Pas de copain donc et plus de travail.  Rude pour la confiance en soi. Rachel Bocher voit d'autres femmes comme Marie, sans emploi, sans conjoint. La psychiatre estime que la crise sanitaire et sociale met de côté des milliers d'individus affaiblis, et elle regrette que dans notre société la fragilité, la vulnérabilité soient perçus comme des éléments négatifs de notre personnalité :

Pour beaucoup, ne pas rester debout en temps de Covid est une faiblesse. On ne vaut pas un clou. On peut être viré professionnellement et viré aussi à la maison. 

La psychiatre suggère à ses patients quelques pistes pour résister. Par exemple, replonger dans notre enfance, pour retrouver notre capacité à s'ennuyer, rêver, créer, contempler et peut-être réaliser des projets oubliés, comme apprendre une langue ou jouer d'un instrument. Rachel Bocher a elle-même repris le piano pendant le premier confinement. 

La musique comme thérapie

La musique classique ou de variété lui permet de s'évader et d'oublier que les cinémas, les théâtres et les musées où elle se rendait très souvent sont fermés. Elle confie ses goûts éclectiques, s'amuse à fredonner une chanson prémonitoire de Michel Berger et France Gall : Résiste. Les paroles prennent un sens nouveau en cette période. Ce monde n'est pas le tien... Un autre artiste l'accompagne, c'est Grand Corps Malade. La psychiatre a crée dans son service de l'hôpital de Nantes des ateliers de créativité destinés à des jeunes gens hospitalisés après des crises suicidaires.

Nos ateliers de slam à l'hôpital aident des patients à retrouver le chemin du rétablissement psychique.  Grands Corps Malade, c'est un destin exceptionnel et l'intérêt de ce genre de parcours de vie c'est de montrer que tout est toujours possible, tant que l'on n'a pas écrit le mot Fin. 

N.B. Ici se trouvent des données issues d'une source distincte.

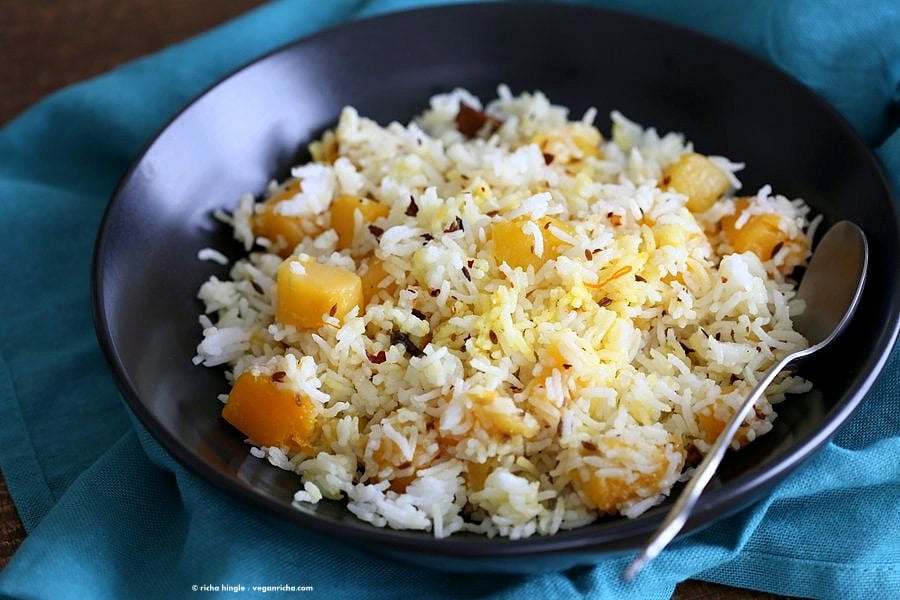 Butternut Squash Pilaf with Whole Spices - Cardamom, cloves, cinnamon. Use other squash or pumpkin and spices of choice. | VeganRicha.com #Vegan #Glutenfree #Holiday #side #Recipe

Rachel Bocher a elle-aussi emprunté des routes surprenantes loin de son cabinet de consultation. Elle sourit avec malice en ouvrant son sac à main et montre ses différentes cartes de visite. Médecin, syndicaliste, elle a aussi fait de la politique, comme conseillère municipale puis adjointe à l'ancien maire socialiste de Nantes Jean-Marc Ayrault. Elle était en charge du tourisme et de la Francophonie. Son souvenir d'élue le plus fort ? Un voyage au Rwanda. Une visite dans une école d'enfants qui avaient enduré les horreurs du génocide. 

J'ai lu dans les yeux de ces enfants de la joie et de l'espoir... L'espoir et le champ des possibles je l'explore justement avec mes patients. 

Réparer les âmes pour remettre les corps debout.